Determination of loss of heterozygosity. LOH at various loci in available paired ovarian cancer (somatic) and germline DNA samples was determined using standardized PCR methodology. p53 LOH was determined by allelotyping the tumor on the basis of the codon 72 polymorphism, Alu repeats, and mutational analysis as we have described (31). BRCA1 LOH was determined using the microsatellite repeats D17S855, D17S1322, and D17S1323 (34). The D17S1322 and D17S1323 markers can be multiplexed. BRCA2 LOH was based on allelic loss of either D13S1700, D13S1701, or D13SBR2. In each case, approximately 20 ng of DNA was added to a reaction mix that contained 32[P] end-labeled primer, 100mM dATP, 100mM dCTP, 100mM dGTP, 100mM dTTP, and 1 U of Taq polymerase for amplification as we have described (31,35-36). For this analysis, we selected 102 probands from our 213 case patient cohort for which paired germline and ovarian cancer (somatic) DNA samples were available and required the tumor DNA samples to be informative at a minimum of two of the three study loci (BRCA1, BRCA2, or p53). The samples were also selected to render as many informative (100 of 102) at the AR locus as possible to maximize the power of the LOH analysis.
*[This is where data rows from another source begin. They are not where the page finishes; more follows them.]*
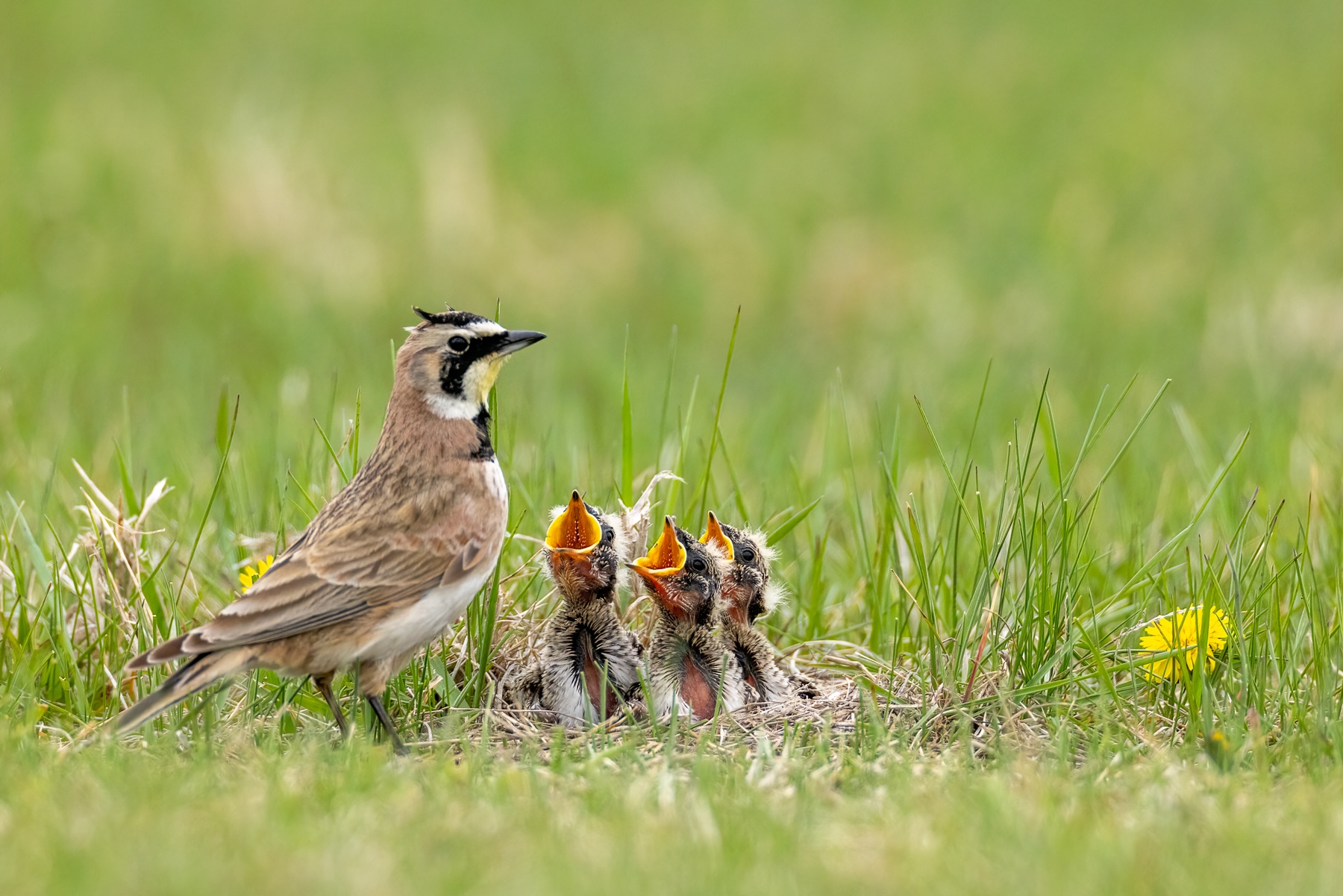 Horned lark nesting habits shed light on declining bird populations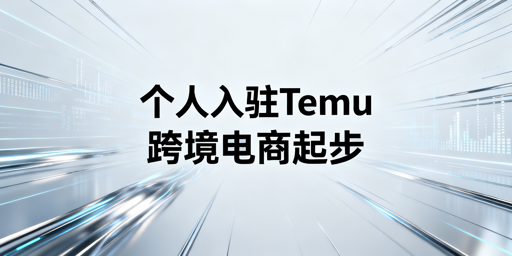 2026年Temu个人开店准备:从资质到运营全攻略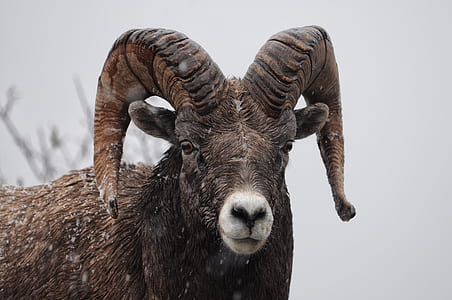 ram goat thumbnail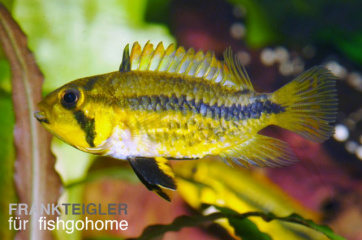Apistogramma cacatuoides
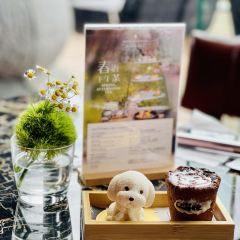 The Lobby Lounge (InterContinental Lijiang Ancient Town Resort) User Photo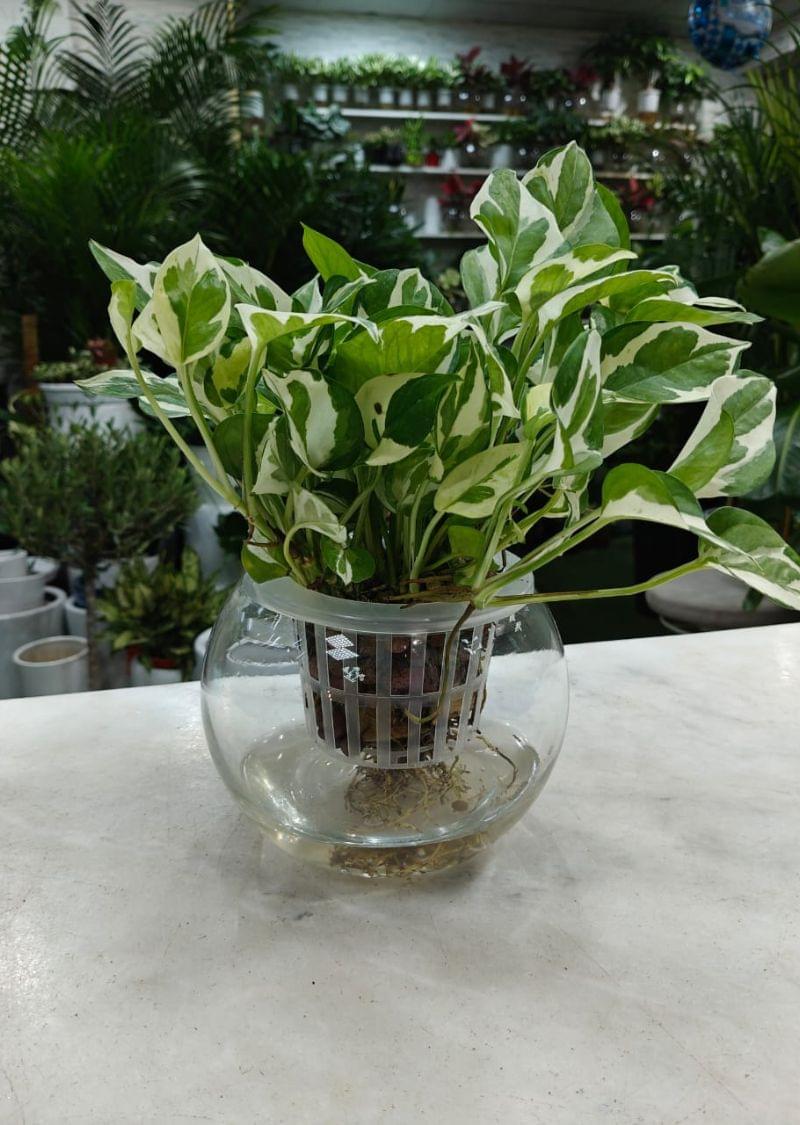 N’Joy Pothos hydroponic plant with green and white variegated leaves in a clear glass bowl, perfect for home and office décor in Dubai.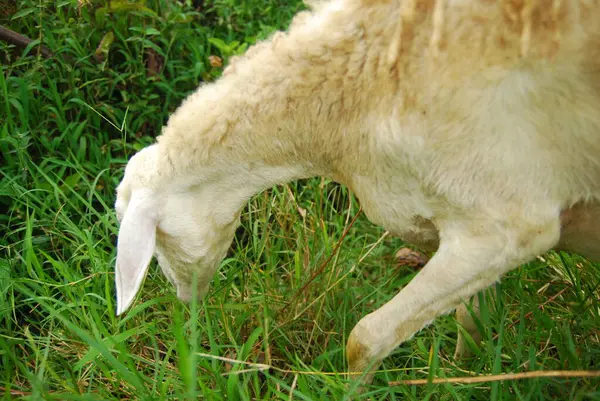 Close Beeld Van Een Schaap Het Platteland — Stockfoto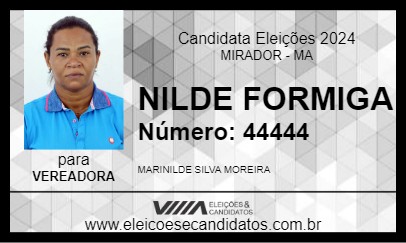 Candidato NILDE FORMIGA 2024 - MIRADOR - Eleições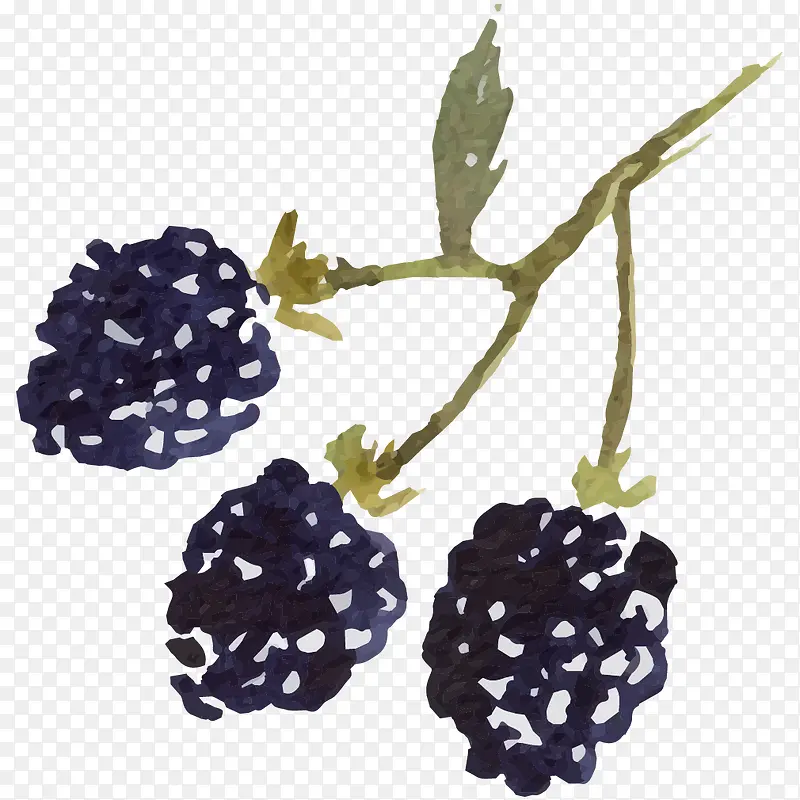 ��֦�ϵ�ɣ��-������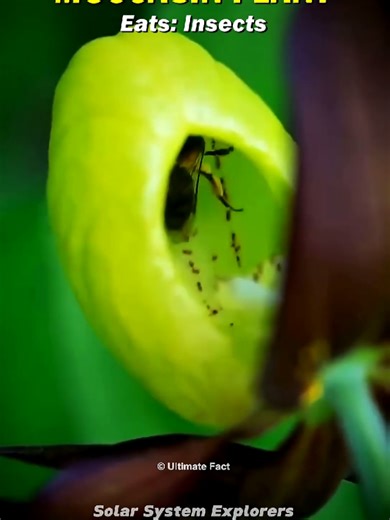 Humans vs Carnivorous Plants 😱☠️ #science #earth #universe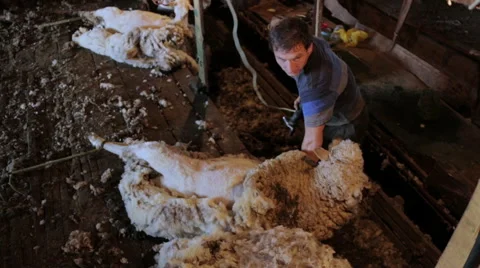 Sheep shearing Stock Footage 51447060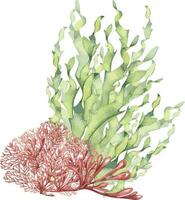 mar plantas, coral aguarela ilustração isolado em branco fundo. Rosa ágar ágar algas marinhas, laminaria mão retirou. Projeto elemento para pacote, rótulo, anúncio, invólucro, marinho coleção vetor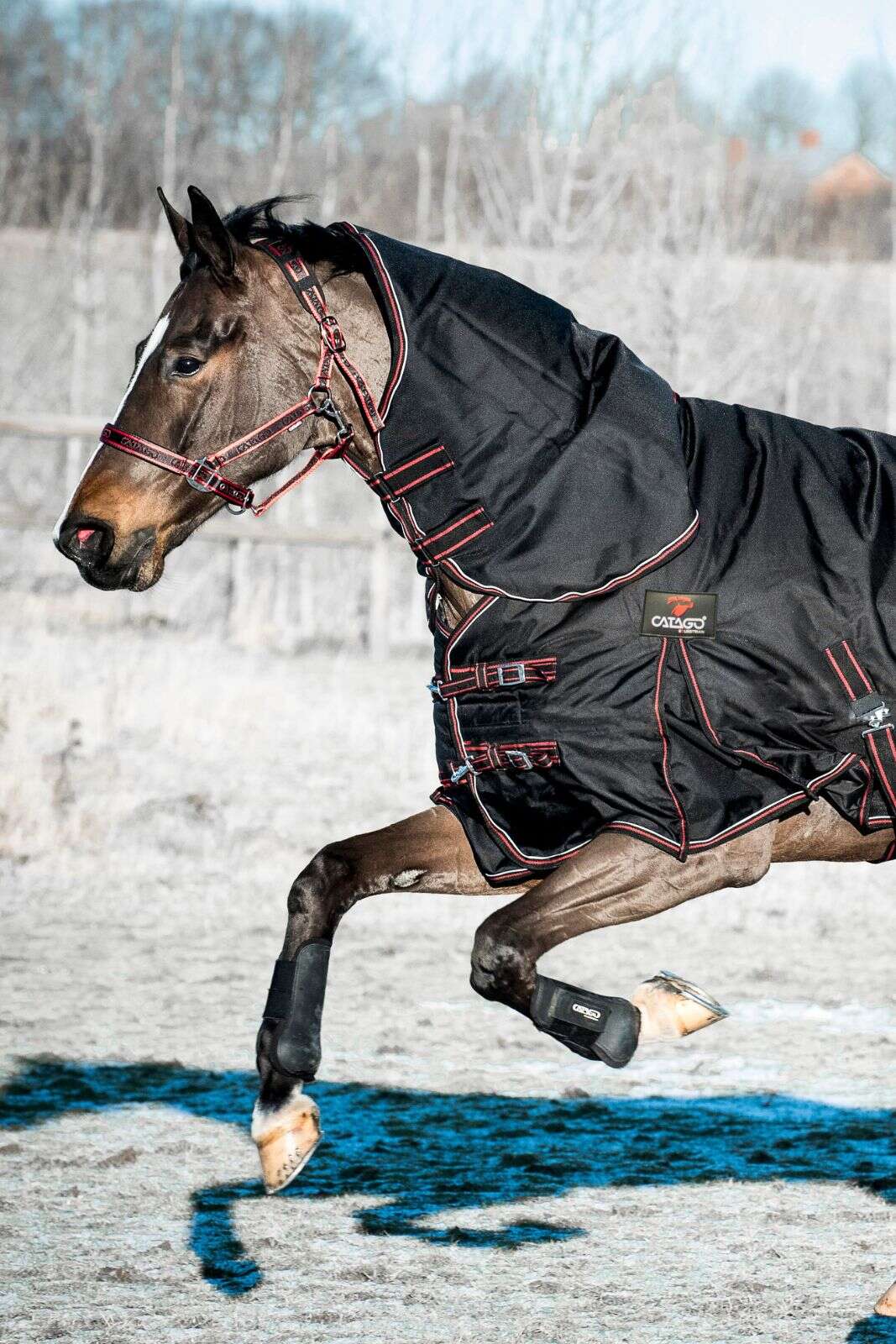 CATAGO Endurance hals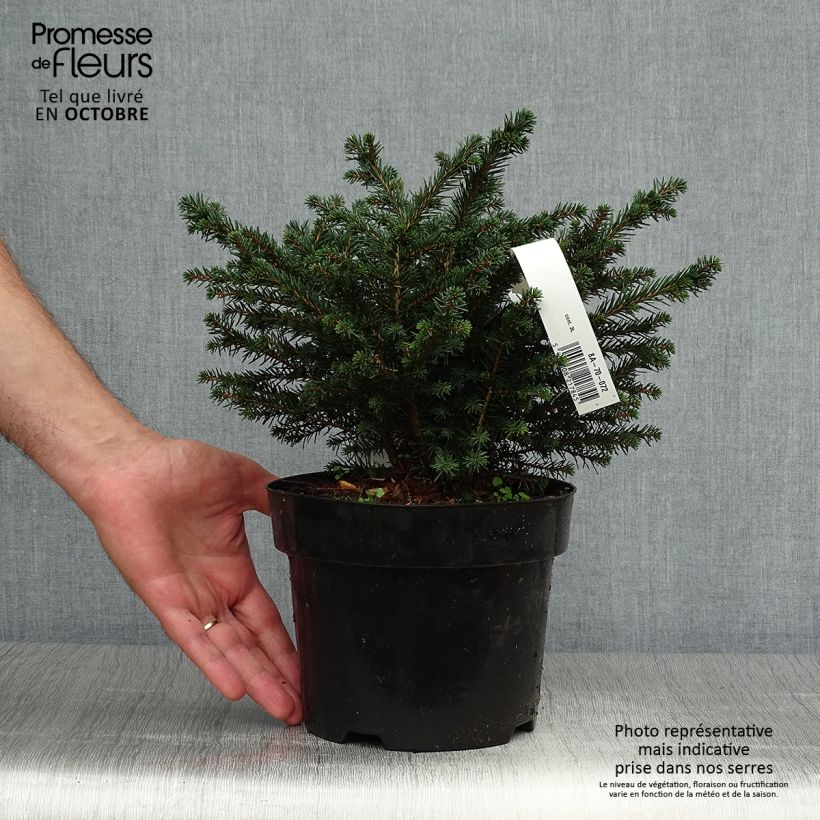 Picea omorika Karel - Serbian Spruce 2L/3L pot sample as delivered in autumn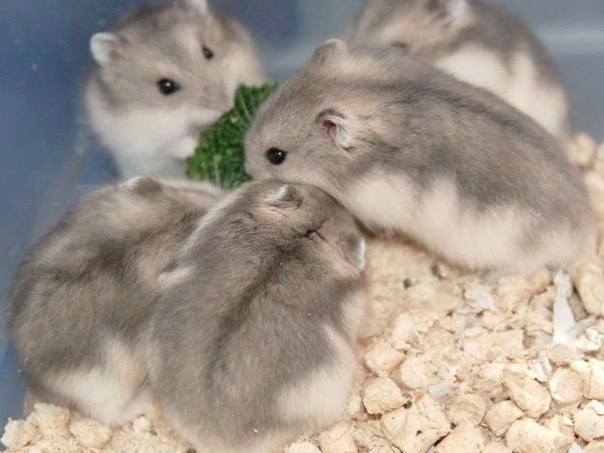 Породы хомяков | ЗооТом - продажа, вязка и услуги для животных в Каменке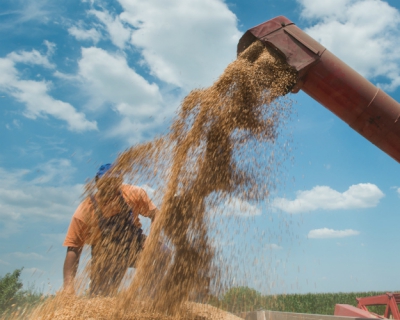 Пшеничный провал: потенциал зернового направления под вопросом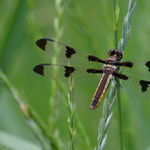 Image of Libellula pulchella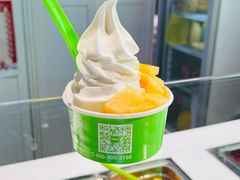 -Salud撒露欧洲冻酸奶(蓝色港湾店)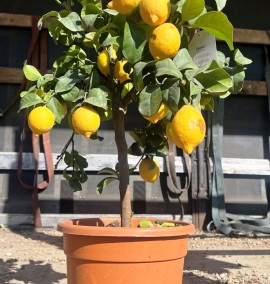 Цитрус Лимон CITRUS limon CLT 10  1/4 STD        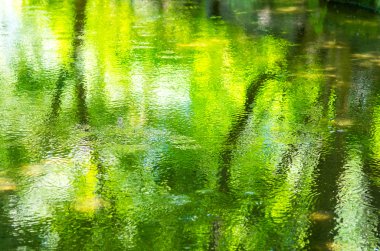 Yeşil su yüzeyi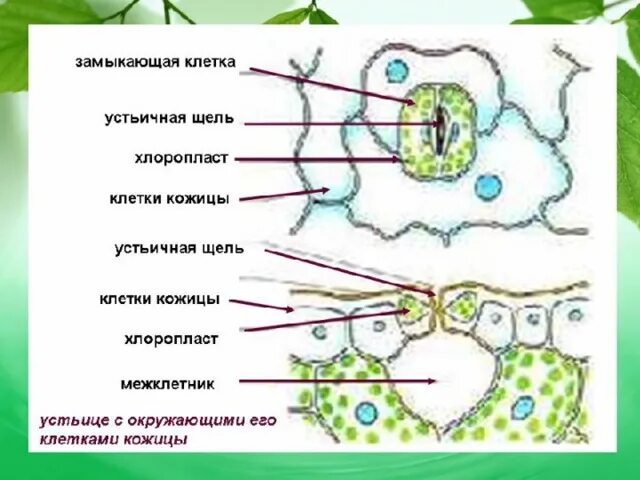 Клеточное строение листа таблица 7 класс Методическая разработка "Клеточное строение листа" 6 класс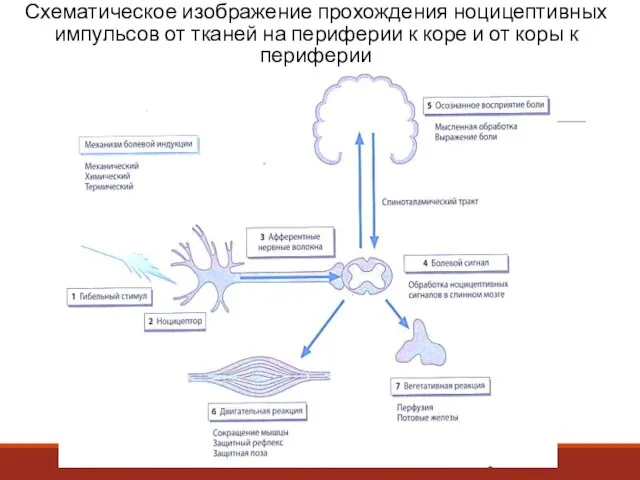 Схематическое изображение прохождения ноцицептивных импульсов от тканей на периферии к коре и от коры к периферии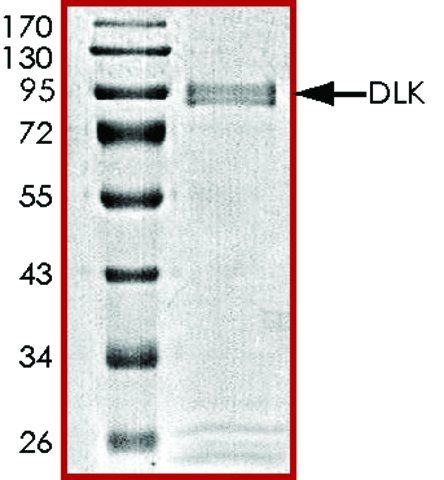 DLK, GST tagged human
Family history, pedigree, pathologic confirmation of cancers, and follow-up. A complete pedigree was obtained on each individual studied with pathologic follow-up of reported breast or ovarian cancers among family members when possible. Family history of breast or ovarian cancer was determined by reviewing the proband's pedigree to determine the number of relatives affected by these cancers. For this analysis, we counted only first-, second-, and third-degree relatives. A positive family history was noted if one additional ovarian cancer or two additional breast cancers were documented by pathologic review or by death certificate.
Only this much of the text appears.